I say “in the natural course of things.” Dreadful as the irruption of barbarians into civilized places must always be, even on a small scale, the conquest of civilization by barbarians is always and necessarily impossible. Barbarians may have the weight to destroy the civilization they enter, and in so doing to destroy themselves with it. But it is inconceivable that they should impose their view and manner upon civilized men. Now to impose one’s view and manner, dare leges (to give laws), is to conquer.

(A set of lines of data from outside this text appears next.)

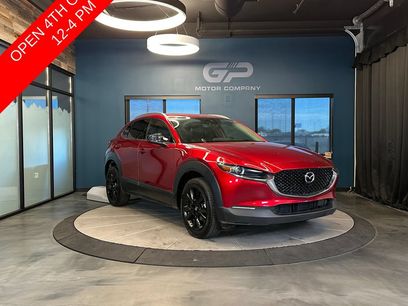 Used 2023 MAZDA CX-30 2.5 Turbo w/ Premium Plus Pkg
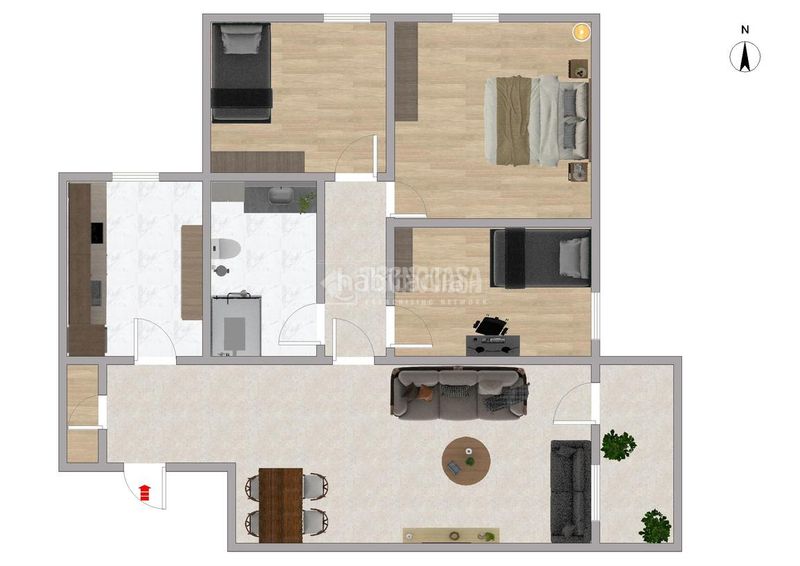 Foto 4a35ffc6-5a3b-4ce0-a3e5-83b6b6042ccb. Flat in campo de Mijas Mijas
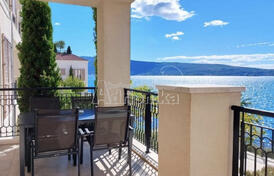 Квартиры в комплексе класса люкс с видом на море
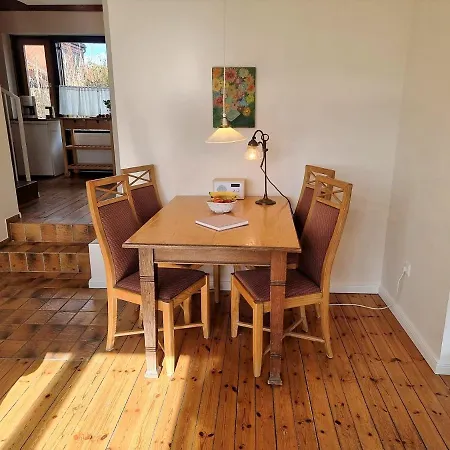 Haus Sonnenschein * Kronsgaard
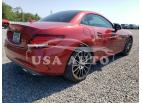 MERCEDES-BENZ SLC-CLASS SLC 300 2019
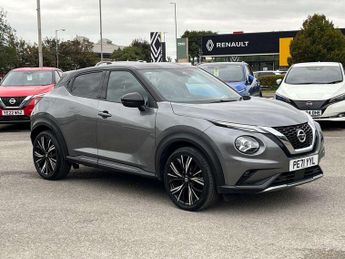 Nissan Juke 1.0 DiG-T 114 Tekna+ 5dr DCT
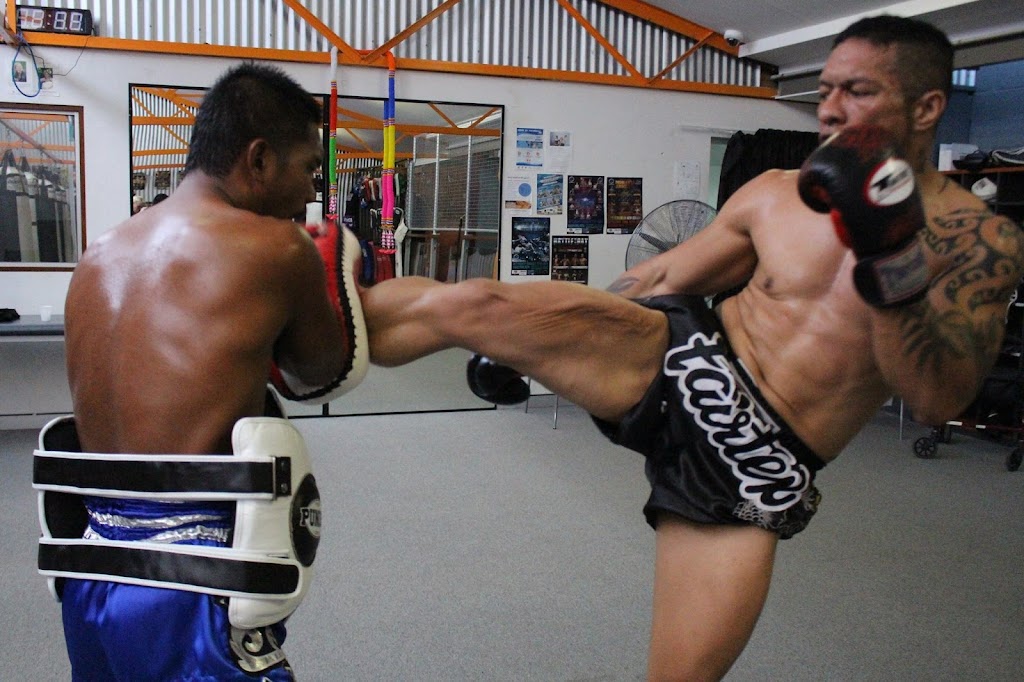 Mana Muay Thai Australia | 489 South St, Harristown QLD 4350, Australia | Phone: 0499 524 164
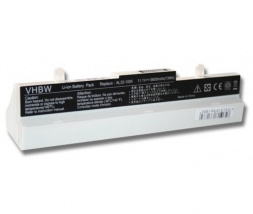 Razširjena baterija za Asus AL31-1005, AL32-1005, PL32-1005,.. 6600mAh 10,8V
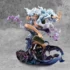 Monkey D. Ruffy (Luffy) Gear 5 One Piece Portrait of Pirates (P.O.P.) Figur von MegaHouse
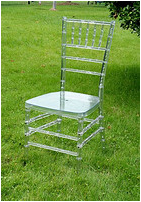 Outdoor chair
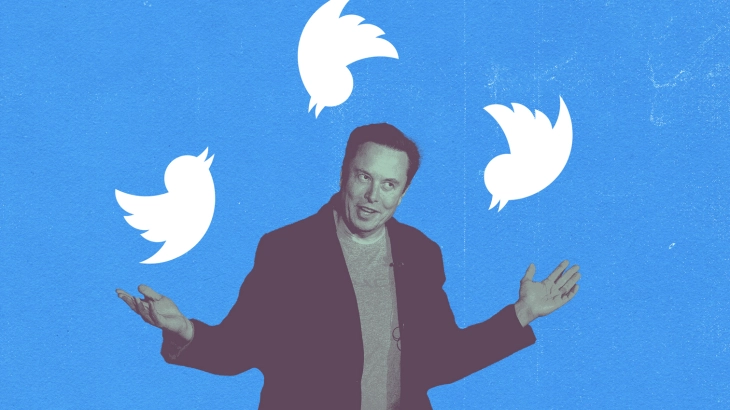 Twitter'a Kullanım Sınırı Getirildi! Musk Bombayı Patlattı!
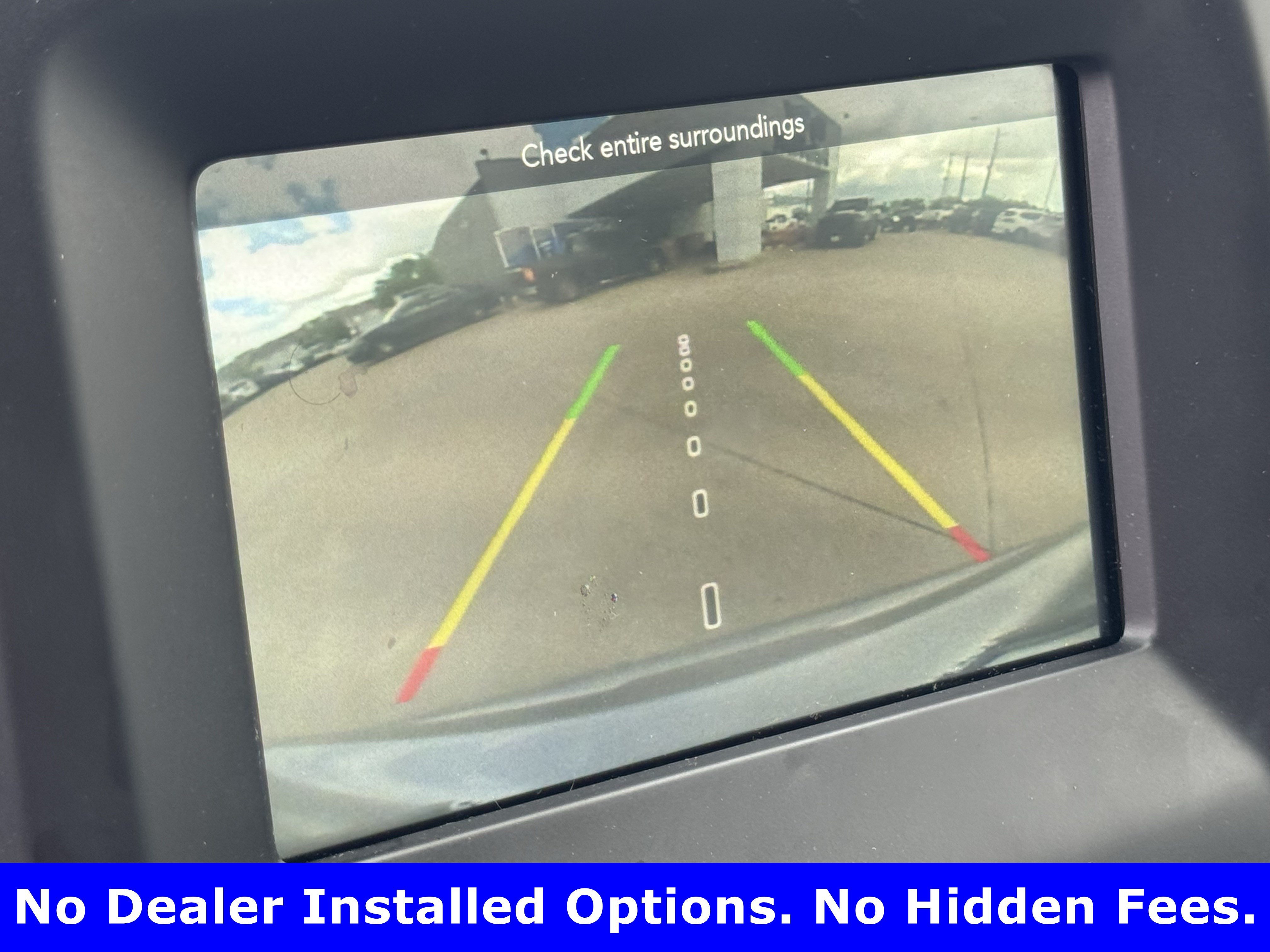 Used 2020 Billet Silver Metallic Clearcoat Jeep Latitude image 18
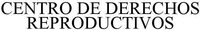CENTRO DE DERECHOS REPRODUCTIVOS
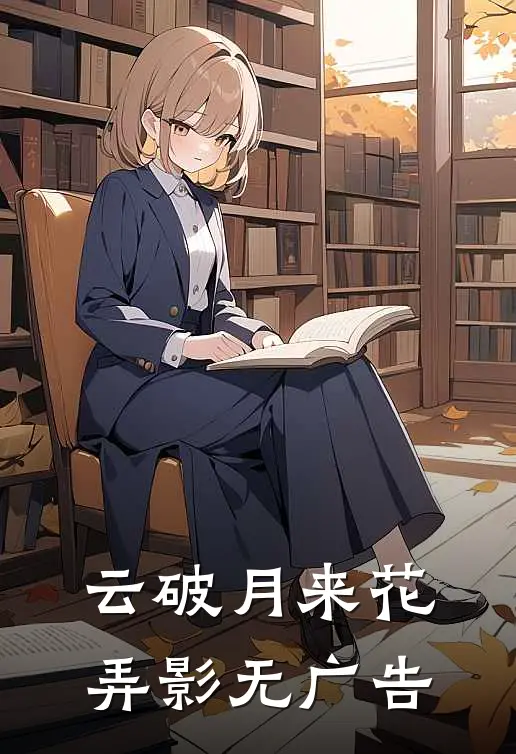 云破月来花弄影无广告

Moreover, save under the most exceptional conditions, a civilized army with its training, discipline and scientific traditions of war, can always ultimately have the better of a horde. In the case of the Roman Empire the armies of civilization did, as a fact, always have the better of the barbarian hordes. Marius had the better of the barbarians a hundred years before Our Lord was born, though their horde was not broken until it had suffered the loss of 200,000 dead. Five hundred years later the Roman armies had the better of another similar horde of barbarians, the host of Radagasius, in their rush upon Italy; and here again the vast multitude lost some 200,000 killed or sold into slavery. We have seen how the Roman generals, Alaric and the others, destroyed them.

But we have also seen that within the Roman Army itself certain auxiliary troops (which may have preserved to some slight extent traces of their original tribal character, and probably preserved for a generation or so a mixture of Roman speech, camp slang, and the original barbaric tongues) assumed greater and greater importance in the Roman Army towards the end of the imperial period—that is, towards the end of the fourth, and in the beginning of the fifth, centuries (say, 350-450).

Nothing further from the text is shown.